Lo peor de todo, con diferencia, es que, para cuando yo vuelva, las fresas ya se habrán acabado. Y habrá cerezas y albaricoques y melocotones y melones y sandías, sí, pero las fresas se habrán terminado y no quedarán jugos en el fondo del vaso por beber. Esas cajas grandes de fresas que huelen como ninguna otra fruta sabe oler tanto y que allí, me costaban, depende del día, alrededor de 79 céntimos el kilo en la Boquería o 1,20 en los latinos de abajo y no estas de aquí de kilómetro cero pero que están a unos 8 euros el kilo. Quizás es uno de mis mitos de infancia, pero en este tipo de países las fresas las regalaban. Además, por desgracia, las fresas no es una de esas cosas que te traes cuando vienes con el coche, junto con cajas de té rojo hornimans. No, las fresas son efímeras y sucumben ante la llegada del primer calor serio y, sin embargo, son extremadamente más baratas en España que en Bélgica. Lo de aquí es de una crueldad insana que, por lo visto, te lo arregla cualquier épicier de barrio. De esos que aquí, en Ixelles apenas hay, porque apenas tiene sentido. Un barrio frecuentado por estudiantes que se alimentan de pastas, cervezas y pizzas precongeladas. En un lugar así, el único épicier que tiene sentido es el nightshop, el que te vende cervezas, el típico paki de Barcelona que tiene lo que quieres a esas horas: chocolate, alcohol, tabaco y chuches, pero no frutas y verduras.

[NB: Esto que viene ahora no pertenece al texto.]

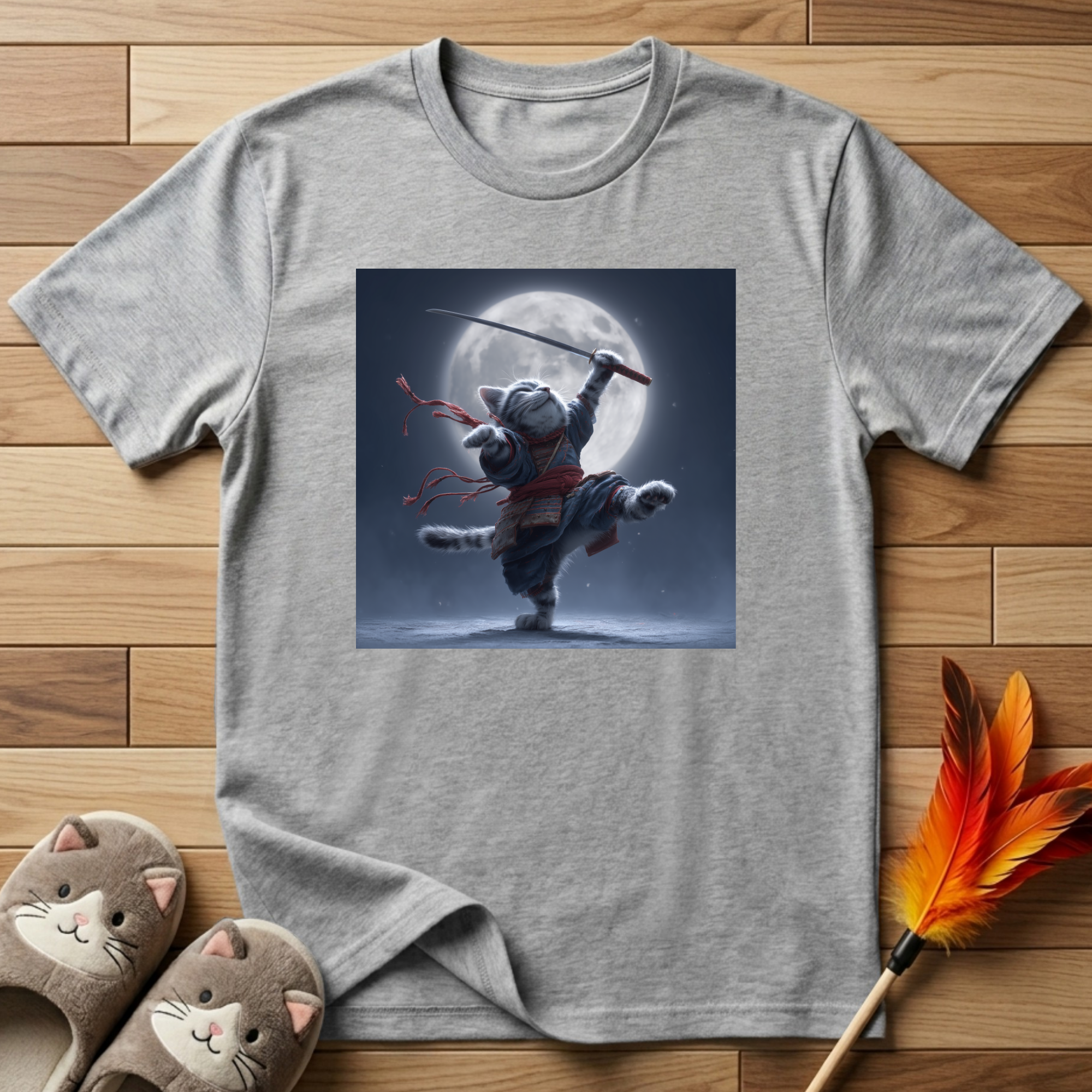Samurai Cat and Moon T-Shirt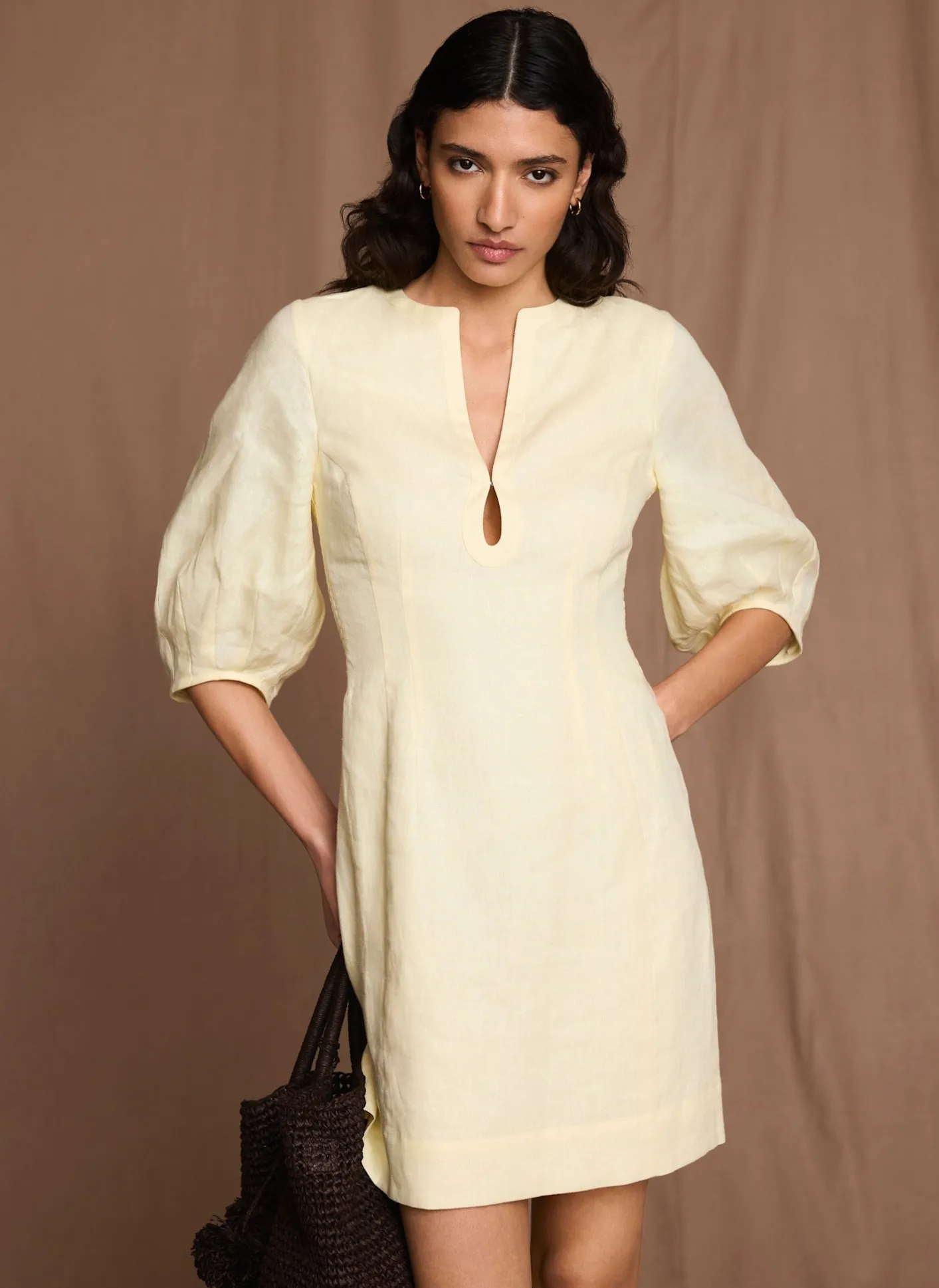 Best Linen Puff Sleeve Mini Dress Summer Dresses|Mini Dresses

Probablemente, a no ser que mi nivel adquisitivo mejore substancialmente las próximas semanas, este será un año perdido respecto a las fresas. No habrá pasteles con o sin gluten ni nada que se le parezca. Me quedo, además, con las ganas de volver unos días solo para pasear por el Syp del Escorxador, por el sitio ese que ya no es nuevo y que lleva mucho tiempo ya, pero que para mí es nuevo, que hay en frente y que tiene cosas tan buenas, de recuperar los treinta minutos de sol al día que he perdido desde septiembre y de comer bien, de una cocina grande con cazuelas de barro para cocinar, de los típicos espagueti que había el día que llegaba hambriento del vuelo de las 15.40 desde Barcelona. Y también todo lo demás, el arroz de los domingos que hace mi padre, el café de los bares (¡qué café!), el pan moreno y el tomate y el aceite. Las berenjenas y los pimientos normales y también las berenjenas rayadas y los pimientos y los calabacines blancos. Un pisto, la coca de trempó, un pa amb oli, ensalada de tomates raf. Por no hablar de un cocarroi y una panada de carne y guisantes con cebolla, de coca de verduras con anchoa, de las sardinas de Castro, un revuelto de espárragos trigueros. Un pollo al ast, un cocido de garbanzos, migas con uva, queso con miel, membrillo y pan con ajo. Fideuá con un buen alioli, albóndigas caseras y tortillas de bacalao. Y, por favor, el arroz de los domingos que hace mi padre. No me olvido tampoco de las madalenas que hacía mi madre, ni de los flanes, ni de los pasteles de yogur -y no lo hago porque a las niñas también les hacen madalenas y flanes y pasteles- o de la empanada gallega.
He de reconocer, sin embargo, que, en este sentido, llevo ya un tiempo pensando en las cosas que sí me puedo llevar y que sí que caben en un coche lleno o en una maleta, o en una caja. Y, entre esta lista extraña, destaco: té rojo Hornimans, Sanex Zero, galletas de Inca, galletas María, embutido, garbanzos, lentejas, arroz, fideos, caldo de gallina blanca de pollo y también de pescado (si cabe), una paellera buena, gin Xoriguer, hierbas mallorquinas, mi senalla, aceite de oliva, jamón serrano, bonito o atún de este bueno, un tomate frito decente, membrillo, queso mahonés, queso manchego, pan moreno, masa de empanadillas, especias, libros de recetas, galletas napolitanas, tortas de anís, turrón de neula, ñoras, fuet, especias, el sol, la gente que me queda lejos.